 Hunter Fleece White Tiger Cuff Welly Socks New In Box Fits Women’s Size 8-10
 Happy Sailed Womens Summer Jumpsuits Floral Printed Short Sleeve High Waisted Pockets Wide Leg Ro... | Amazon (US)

--

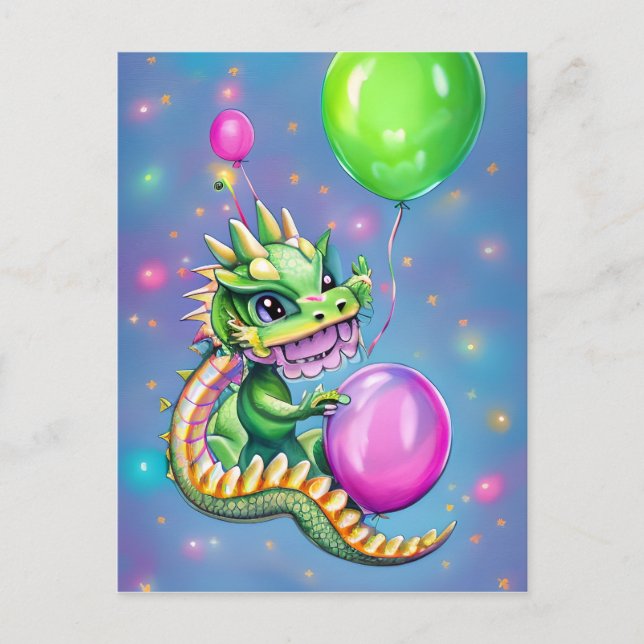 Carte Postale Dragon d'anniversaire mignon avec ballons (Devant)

- **EXERCISE DESCRIPTION**
What is needed is an exact copy of the lines above, from the one containing "Hunter Fleece White" through the one containing "Happy Sailed Womens", with nothing added.

- **ANSWER TO THIS EXERCISE**
 Hunter Fleece White Tiger Cuff Welly Socks New In Box Fits Women’s Size 8-10
 Happy Sailed Womens Summer Jumpsuits Floral Printed Short Sleeve High Waisted Pockets Wide Leg Ro... | Amazon (US)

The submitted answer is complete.